The word ‘reputation’ comes from the Latin reputare, which means ‘to think over’. The thinking over happens over time. It is defined as “beliefs and opinions generally held about someone or something”. It is also defined as “a widespread belief that someone has a particular characteristic”. Some examples from day-to day-life are:
A person in your family circle who has a reputation of being helpful to everyone.
A manager at your workplace who has a reputation of getting things done at all costs.
A politician who has a reputation of not being trustworthy.
A neighbor who has a reputation of being a naysayer to all new ideas that are brought up in your Home Owner’s Association meetings.
The CEO of a non-profit organization who has a reputation of high integrity.
Reputations can be good or bad, like being viewed as an expert in a certain field, or not being trustworthy. They can also be good or bad based on context. For example, a leader who has a great reputation for being a visionary may not wield enough influence to lead the execution of a new initiative. On the other hand, a leader who has a reputation of being very good at getting things done, but not at vision and strategy, may not be taken seriously if he tries to rally a team behind a new strategy.
Most of us don’t think about our reputation. There are a couple of reasons for this. We rely on authority or influence through direct relationships to get things done. This works well up to a certain extent, but it doesn’t scale. Sooner or later in our leadership journey we arrive at a point where someone will, or will not do something based on our reputation, and we don’t have a direct relationship with them. Most people cannot have a direct meaningful relationship with more than a couple of hundred people, even in this hyper-connected age of social media. So how else will you influence beyond these people, except to consciously build and manage your reputation?
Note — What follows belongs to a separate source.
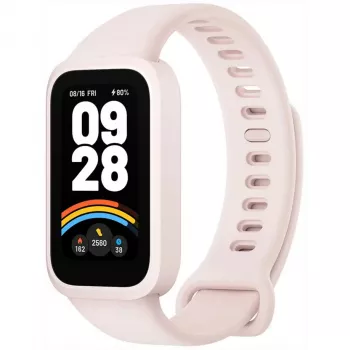 Xiaomi Smart Band 9 Active TFT pulseira de atividade 3,73 cm (1,47 polegadas) rosa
Let’s look at three components that make up a reputation and some of the ways to develop and manage these more consciously. Towards the end we will also discuss a 3-step approach to rebuilding a damaged reputation.
If people are not aware of you, you don’t have a reputation. So the first step is to find ways to create awareness about yourself as a leader. When I became a manager at Accenture, as part of new manager training we were taught to develop one or two things that, over time, we would be known for. This can be “Very good at data analysis,” or “Great at developing people,” or simply “Rock solid reliable in getting things done.” It applies even in a family situation. Think about a girl that married your cousin and has a reputation for being tough to get along with, or the aunt who will go all out to help everyone.
Strategies to spread awareness include:
Highlight what you want to be known about yourself in a natural and subtle way in conversations. Keep in mind that being very explicit or overt with this doesn’t work and will come across as inauthentic.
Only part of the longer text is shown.